Adams' press secretary, Nathan Beaumont, responded to Stewart's column in yesterday's Taranaki Daily News, which was headlined Adams well linked to land of milk and money, saying the claims were malicious, factually wrong and defamatory.

"The whole tone of Ms Stewart's article implies that Minister Adams is using her role as minister to personally benefit her farming interests through the Central Plains Water scheme," he said.

"For the record, I completely reject this accusation."

In the column, Stewart claimed Adams' ownership of shares in Central Plains Water Limited, as well as dairy farms in the area, were a conflict of interest.

But Beaumont rejected Stewart's claim that Adams owned a dairy farm, saying she and her husband were "sheep and crop farmers". A parliamentary register of pecuniary interests from 2013 lists three farms in trust under Adams' name - two in Darfield and Kirwee, Canterbury areas that are part of the Central Plains Water scheme, and a third in the Waikato town of Te Kauwhata.

Stewart yesterday refused to back down on her comments, saying she thought Adams' press secretary was playing with semantics.

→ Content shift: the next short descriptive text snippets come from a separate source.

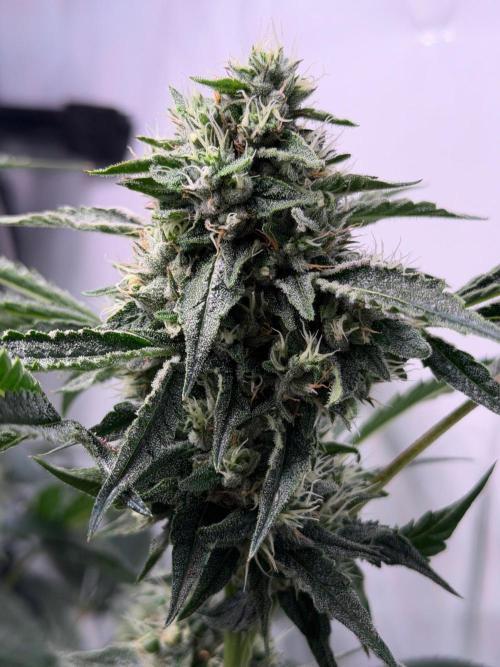 Gremlin‘s Breath. Week 10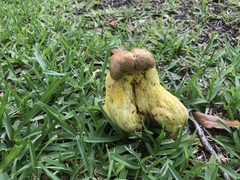 Boletus luridellus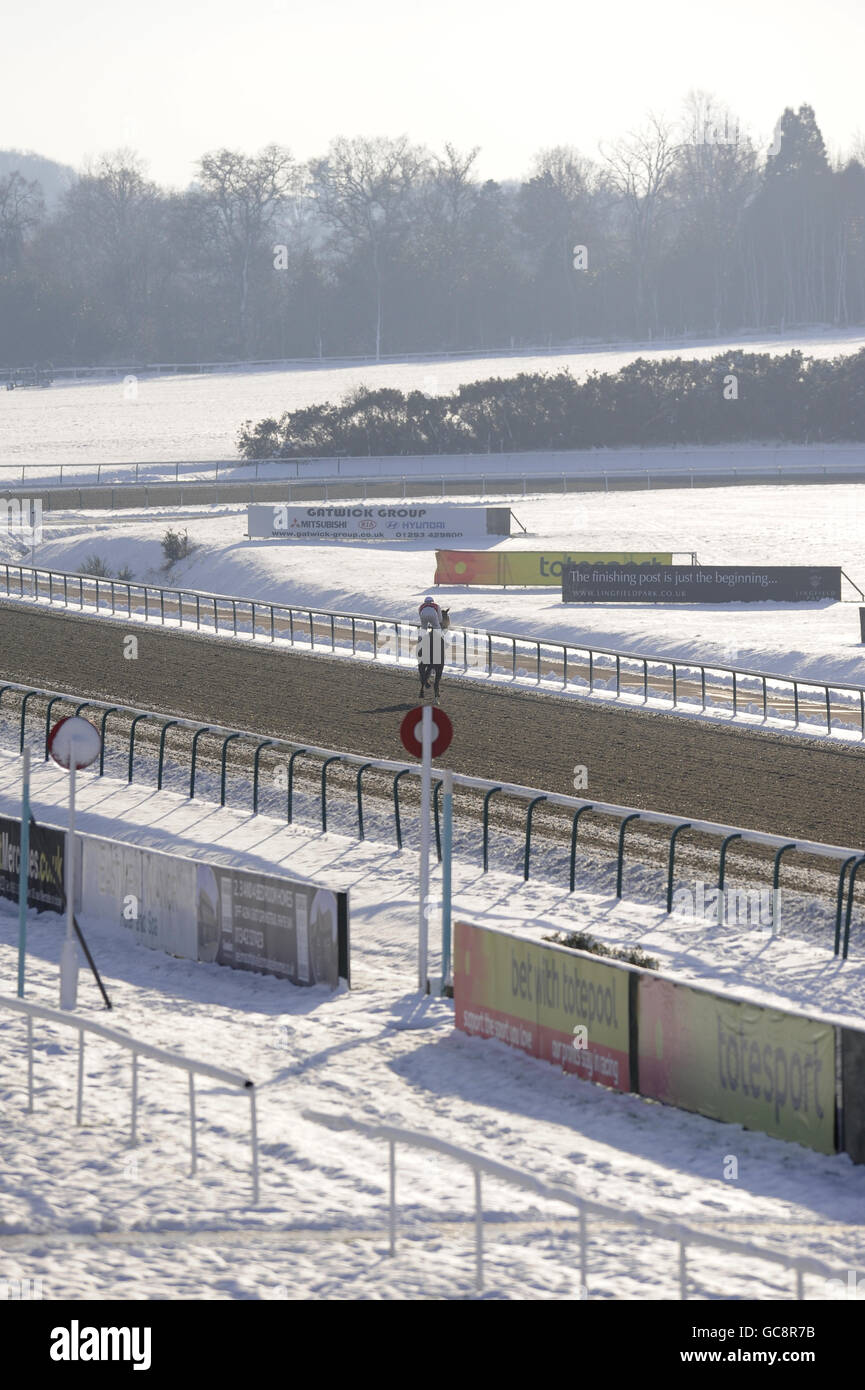 Pferderennen - Rennbahn Lingfield. Eine allgemeine Ansicht des Schnees auf der Rennbahn von Lingfield Stockfoto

"I stand by everything I said."

Even if the Canterbury farms Adams owned were not dairy farms, they still stood to gain from the irrigation scheme, she said.

Beaumont also contradicted Stewart's claims that Adams had been involved in the removal of a water conservation order that has been put on the Rakaia River, so that water could be accessed for the scheme.

"This is so wrong, I don't know where to start," he said, adding that Adams had passed responsibilities relating to the scheme to Gerry Brownlee to avoid any actual or perceived conflicts of interest.

"This was done after she became Environment Minister in April 2012. Therefore she has never removed the Water Conservation Order that covers Rakaia River. Minister Brownlee made the decision."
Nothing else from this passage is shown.